### Task to complete
Only lines, not pictures: please repeat exactly the lines from the one with "Samsung RF85K90127F side-by-side" through the end of the listing.

### Source material
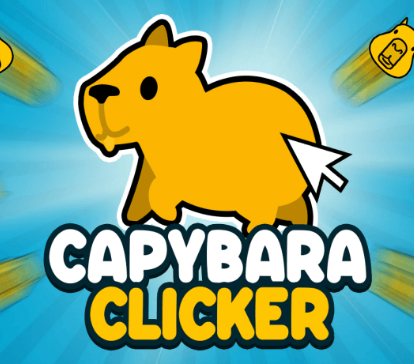 Mchezo Kibofya cha Capybara  online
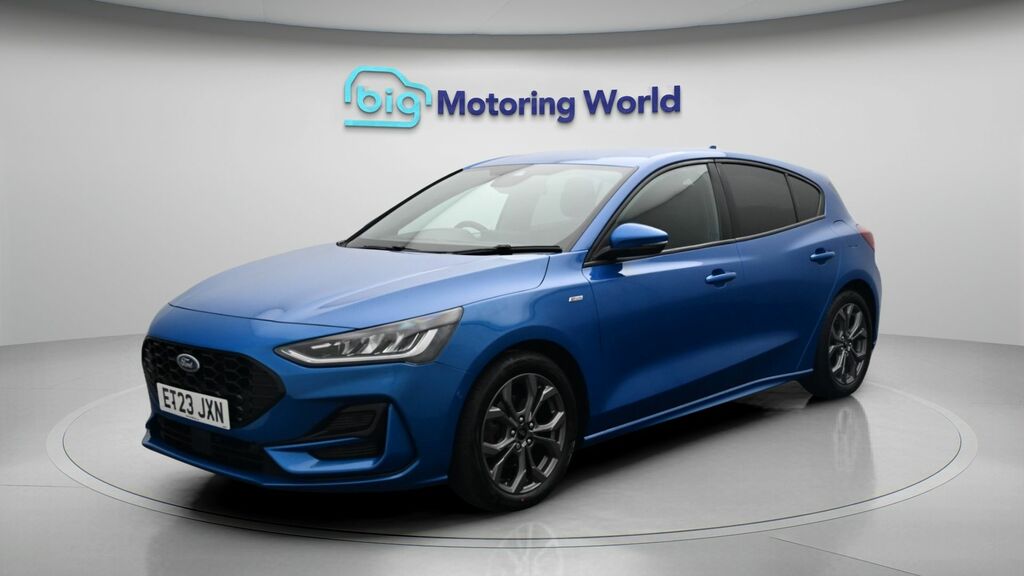 Ford Focus St-line Blue #3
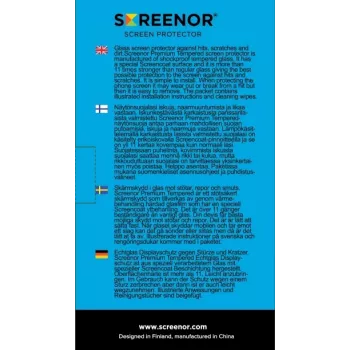 SCREENOR gehardglas displaybeschermer voor Samsung Galaxy XCover 5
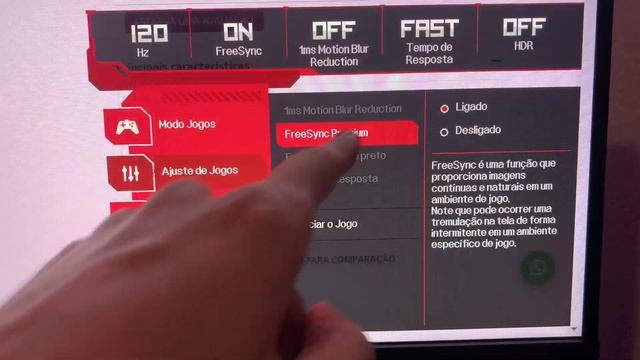 Oque eu achei do Monitor LG Ultra Gear 27” 144Hz valeu a pena? смотреть онлайн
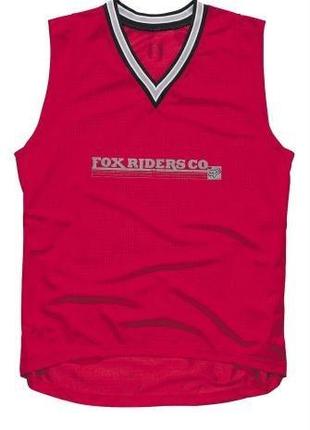 Майка FOX Player Sleeveless Jersey (Red), S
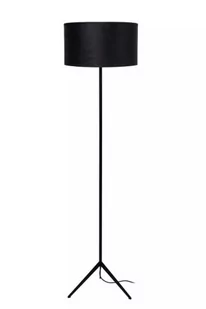Lucide Tondo 45790/81/30 lampa stojąca podłogowa 1x60W E27 czarna - Lampy stojące - miniaturka - grafika 1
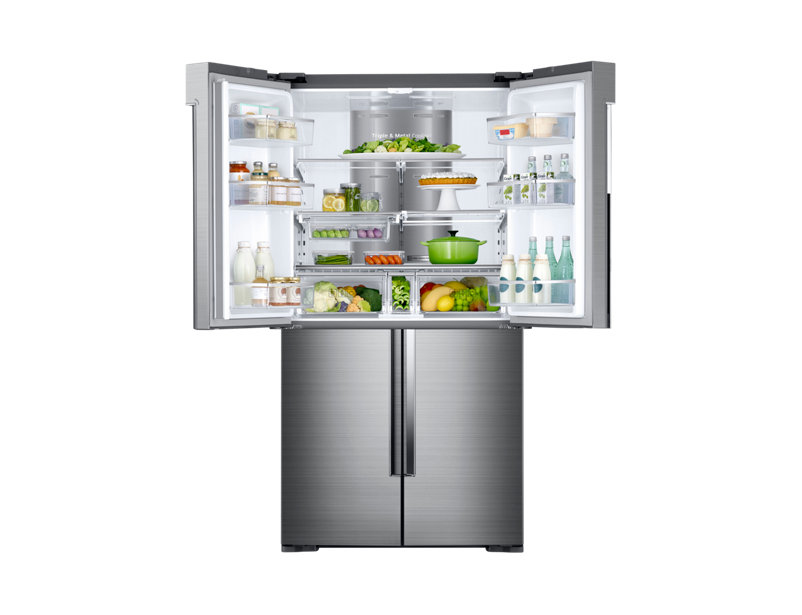 Samsung RF85K90127F side-by-side refrigerator Freestanding – image 6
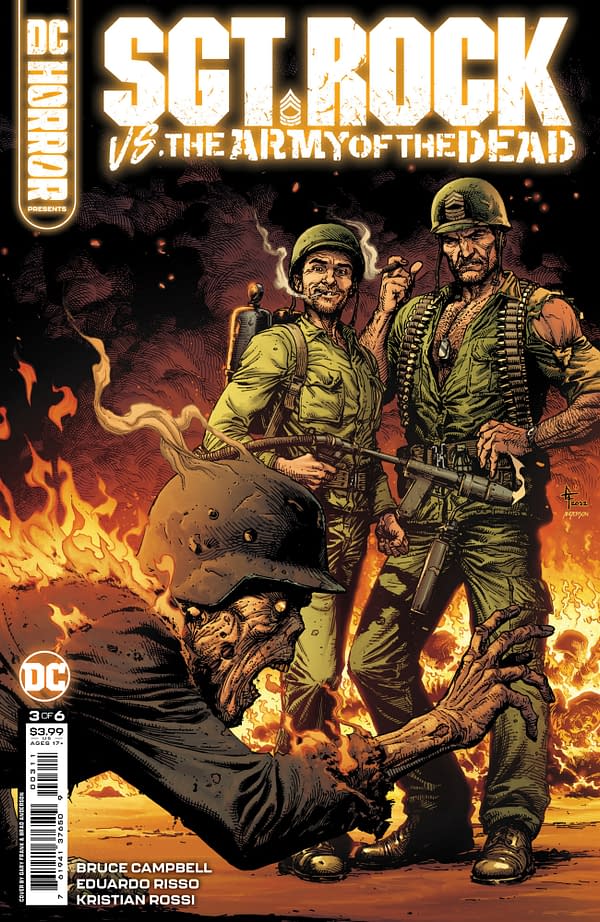 Cover image for Sgt. Rock vs. The Army of the Dead #3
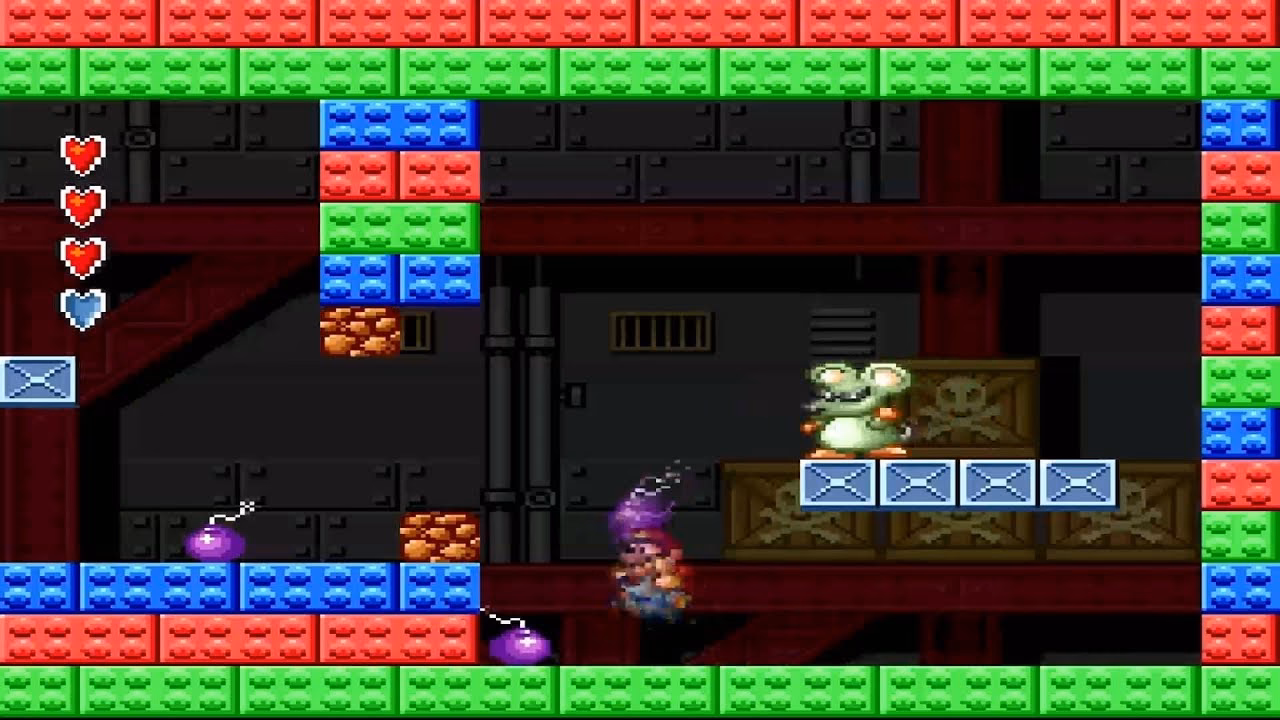 Does Mouser eat Swiss cheese in Super Mario Bros 2?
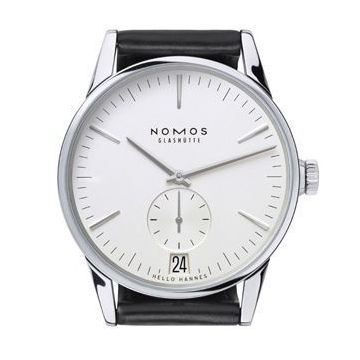 Nomos Glashütte Zürich Hello Hannes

### Answer space
 Samsung RF85K90127F side-by-side refrigerator Freestanding – image 6
 Cover image for Sgt. Rock vs. The Army of the Dead #3
 Does Mouser eat Swiss cheese in Super Mario Bros 2?
 Nomos Glashütte Zürich Hello Hannes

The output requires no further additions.